The first new tool will be landing next month — with a launch of Voicemod’s desktop product on macOS (currently it’s PC only). The goal is to evolve into a multi-platform product spanning all devices. “We’re also working on a creation tool mobile app that hopefully will see the light towards the beginning of next quarter. And, and yeah, some more stuff to come, hopefully,” Bosch adds.
He also tells us the startup is working on a watermarking technology which it hopes to launch in Q2 this year — to give platforms a way to be able to spot AI-generated voices in the wild.
Such a feature is likely to be a vital tool to counter all the possible negative use-cases (scams, fraud, manipulation, abuse, bullying, trolling etc etc) one could imagine humans coming up with for voice-shifting tools that let you sound exactly like someone you’re not.
“It’s an algorithm to watermark the audio,” explains Bosch. “Moderation is is complicated because it really changes depending on the space… on which are the platforms where the audio is used — so we believe that the channel is the one that should own that moderation and what we are doing is we will be providing this watermarking system in order for them to be able to know if the audio is created via synthetic voice or is created by a real voice.”

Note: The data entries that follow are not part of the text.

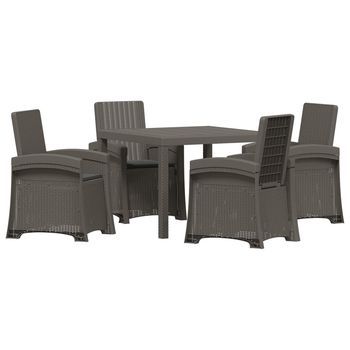 Conjunto De Comedor De Jardín 5 Uds. Gris Claro Y Antracita Pp Vidaxl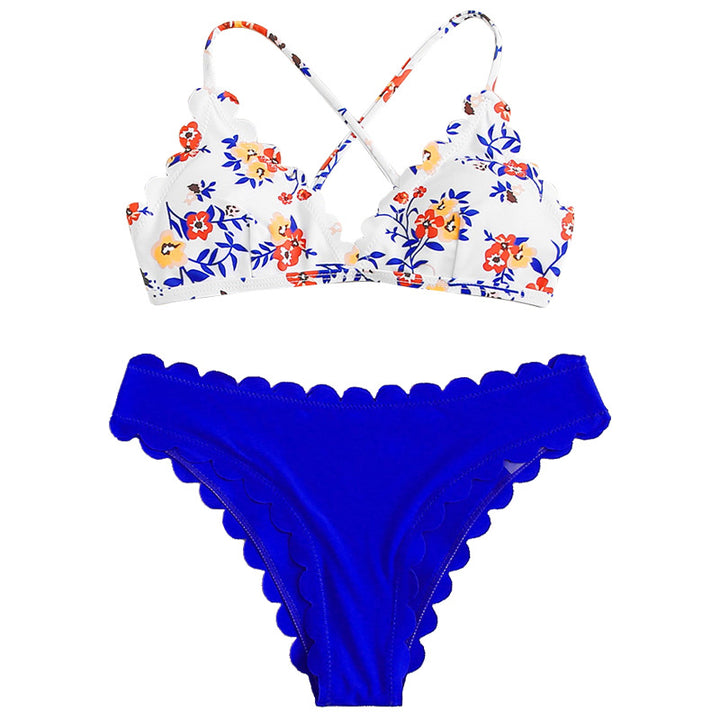 Dame bikini-sæt med blomstret top og højtaljede trusser Skovae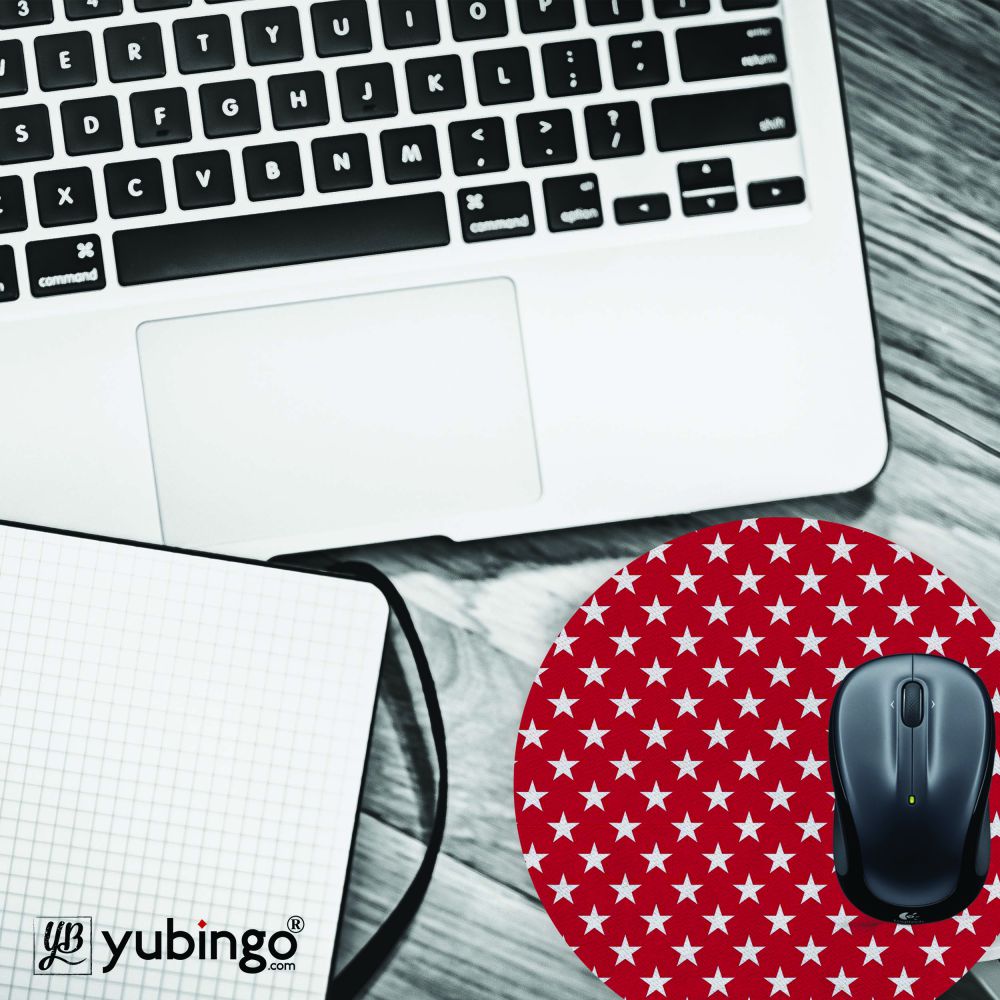 Red Stars Mouse Pad (Round)-Image4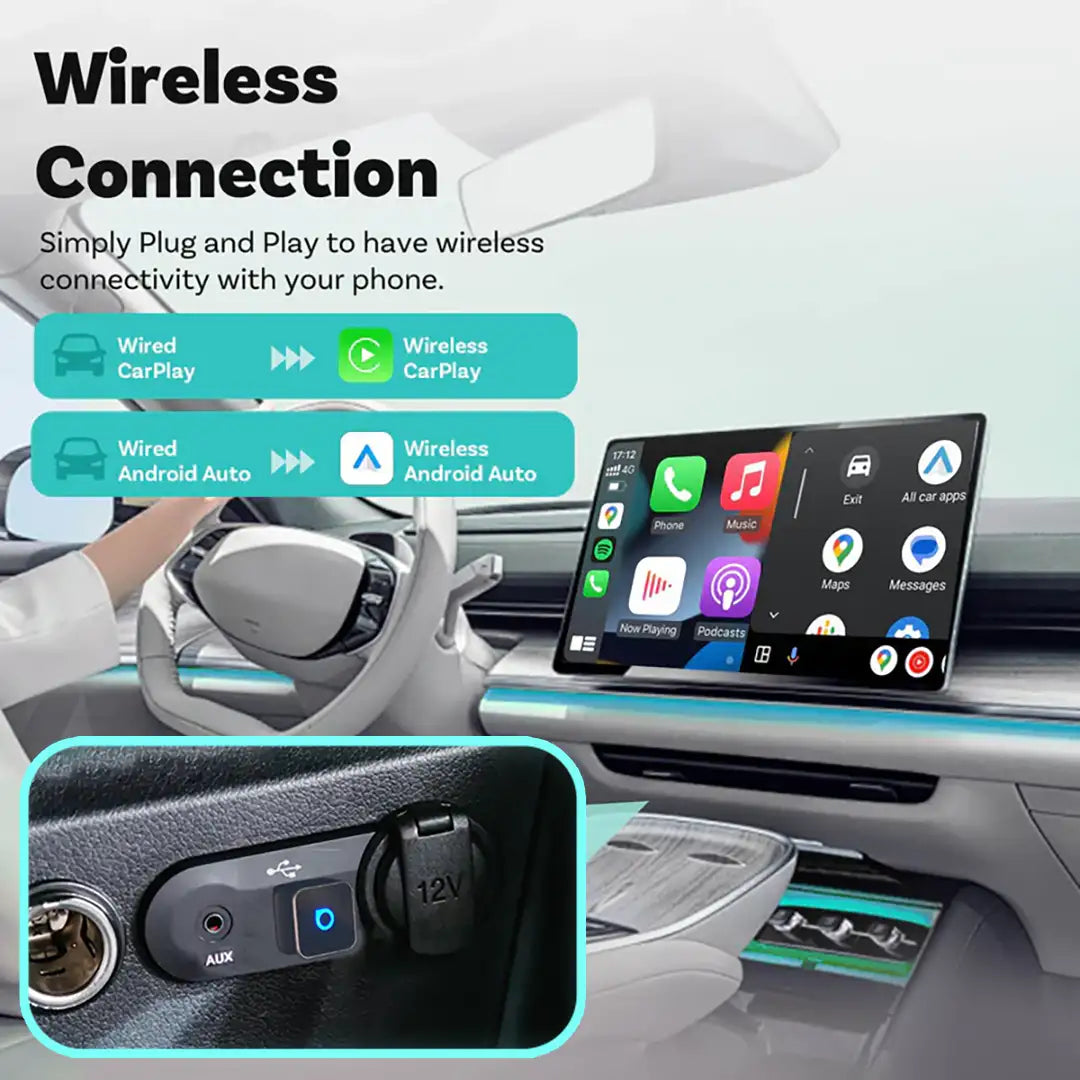 Ασύρματος προσαρμογέας Ottocast Mini 3.0 Ultra Cube CarPlay για Android Auto-SI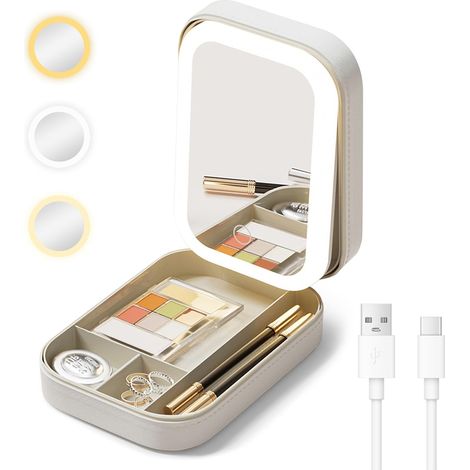 LED-Reisespiegel mit Beleuchtung und Schmuckorganizer, 3 Lichtfarben, Helligkeit einstellbar, USB-aufladbar, ideal für Schlafzimmer und Schminktisch, Weiß (1/5)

“Every single new technology can be used for for the good or for the bad,” he adds. “So we are of course putting some technology some tools in place to be able to have more control around a misuse of this technology.”
On questions of licensing for training data, IP issues here are currently a grey area — as the law hasn’t caught up with developments in AI (let alone generative AI). That means startups operating in the space have to consider whether to make the most of total legal freedom to do whatever they want (and hope expensive consequences don’t come clanging down on them in short order), or tread more carefully and thoughtfully. (Other startups in the space include the likes of Voice AI, Koe and ElevenLabs.)

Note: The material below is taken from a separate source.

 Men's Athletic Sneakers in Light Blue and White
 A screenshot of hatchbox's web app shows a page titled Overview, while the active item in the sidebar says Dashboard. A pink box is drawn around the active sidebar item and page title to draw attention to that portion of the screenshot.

Bosch claims Voicemod is taking the latter approach — using (paid) voice actors to build up data-sets to train and hone its AI models. If it wants to make use of some original content he says the team will go to the IP provider and negotiate — and figure out what kind of licensing terms they’d be up for. (The generative AI boom is also a crazy-thrilling time to be an IP lawyer, clearly.)

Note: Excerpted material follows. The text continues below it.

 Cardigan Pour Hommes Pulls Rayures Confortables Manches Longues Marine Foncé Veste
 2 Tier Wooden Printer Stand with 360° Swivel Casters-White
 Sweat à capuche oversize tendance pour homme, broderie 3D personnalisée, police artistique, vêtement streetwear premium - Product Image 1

“We are basically pioneering here,” he adds. “So a lot of things are without laws yet so we were trying to stick to our values, basically, and try to do the right thing. That’s our approach on the data [side]. But yeah, you’re completely, right — there’s no ‘legal attachment’ to your voice, as of today… We own our fingerprint. You don’t own, like, whatever the fingerprint of your voice [is]. As of today.
“It sounds a little bit like science fiction but maybe, in the future, we will ‘own’ something related to our voice.”
For the record, Bosch was talking to me with his actual voice. The company’s real-time voice-shifting technology doesn’t yet work over mobile. But he says that’s coming too. So buckle up: The synthesized future is gonna be a screaming wild ride.